Apache Airflow - Postgres Hook
- Introduction
- What is Hook in Airflow
- What is PostgresHook
- Description of the example
- Create a ConfigMap for this example
- Add a Postgres connection
- Load data from Postgres to Pandas DataFrame using PostgresHook
- Save Pandas DataFrame to Postgres using PostgresHook
- Use a Configmap for environment variables
- Sample DAG of PostgresHook
- Conclusion
- Referencers

Introduction
In this article, we are going to see how to use PostgresHook in Apache Airflow to interact with Postgres database.
In this example, we will cover the following:
-
How to set up a Postgres connection in Apache Airflow
-
How to use PostgresHook to interact with Postgres database
-
How to load data from Postgres to Pandas DataFrame using PostgresHook
-
How to save Pandas DataFrame to Postgres using PostgresHook
-
How to handle JSON data in Postgres
-
How to use a Configmap for environment variables
What is Hook in Airflow
In Apache Airflow, a Hook is an interface to interact with external systems like databases, cloud services, and APIs. Hooks are used to connect to external systems and execute operations like reading data, writing data, and running commands.
For more information, refer to the official documentation: https://airflow.apache.org/docs/apache-airflow/stable/authoring-and-scheduling/connections.html#hooks
What is PostgresHook
PostgresHook is a hook that allows you to interact with a Postgres database. It provides methods to execute SQL queries, load data into a Pandas DataFrame, and save data from a Pandas DataFrame to a Postgres table.

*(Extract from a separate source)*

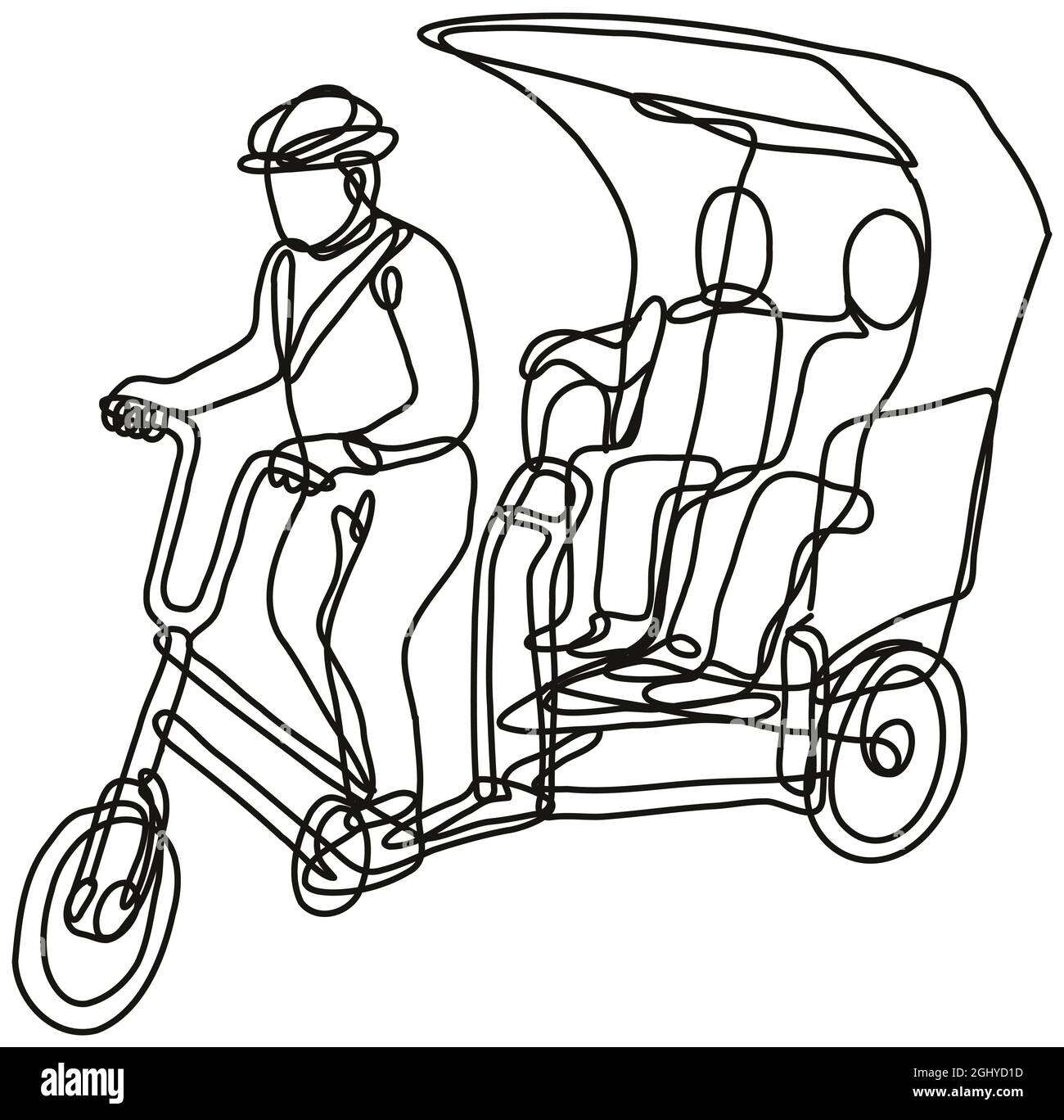 Toktok Tok Tok ou tricycle 3 roues dessin continu de ligne Banque D'Images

Description of the example
In this example, we will create a simple DAG that loads data from a Postgres table to a Pandas DataFrame using PostgresHook and saves the DataFrame back to another Postgres table using PostgresHook.
This example has two tasks:
-
static_sql_example: It loads data using static SQL from a Postgres table to a Pandas DataFrame and saves the DataFrame back to another Postgres table. This has a JSON column in the Postgres table.
-
sql_from_env_example: It uses environment variables for the SQL to load data from a Postgres table to a Pandas DataFrame and saves the DataFrame back to another Postgres table. We can use a ConfigMap to store the SQL and other environment variables.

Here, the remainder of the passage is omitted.